隻眼金魚~きみがくれた祈りのキス~

 そしてまた「自分は普通の人間じゃないんだ」と、その度に心に刻む。こういうのばっかり覚えてしまうんだ。

 仕方ないんだ。普通じゃないんだから。あたしを分かってくれる人は、だいぶ限られているんだと。その人達をあたしは大事にしないといけないんだと。

 だからと言えば言い訳になるけれど、あたし自身も「蓮離れ」はできないでいる。
 もしかしたら、そのつもりが無いのかもしれない。かも、じゃなくて段々「絶対」になってきていたりもする。

 いや。「蓮離れ」なんて自分に対する言い訳。分かってる。あたしは離れたくはない。蓮のそばに居たい。ずっとそばに居て欲しいし、あたしも近くに居たい。
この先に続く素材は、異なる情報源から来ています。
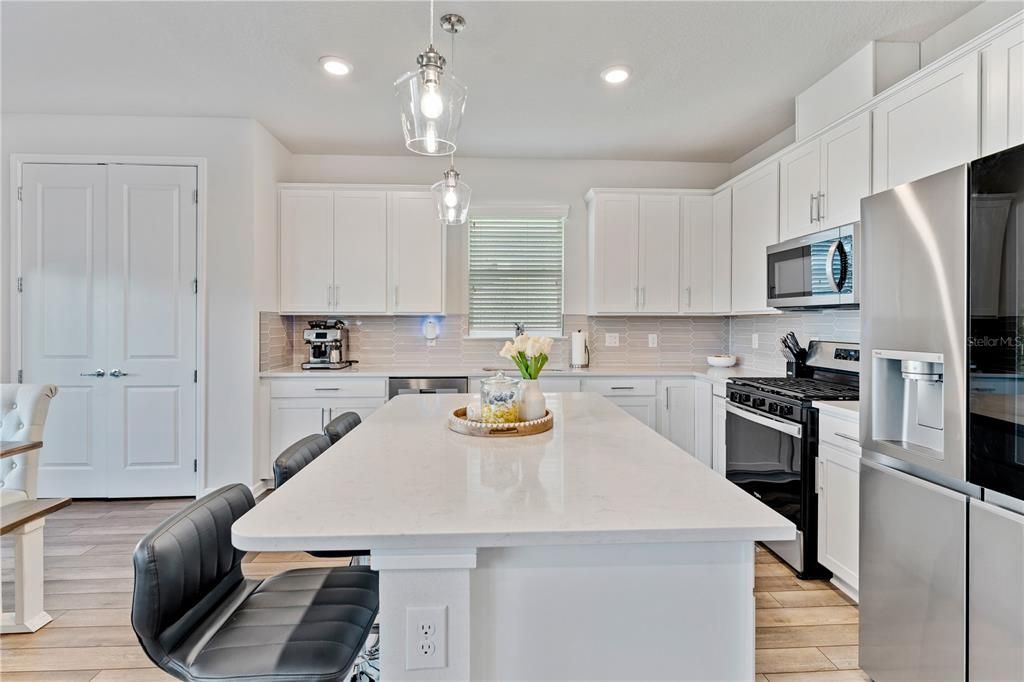 На продажу: $529,900 (4 спален, 3 ванн, 2207 Квадратных фут)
 角膜移植をすれば、目は見えるようになるらしいけど。あたしはそれはしなくてもいいと思っている。そんなの、なんだか小説とか映画の中の話みたい。自分のことだと思えない。

 蓮が居ればそれでいい。見えるようになった途端、蓮が何処かへ行ってしまったら困るから。

 その為に見えない右目なら、一生そのままでいればいい。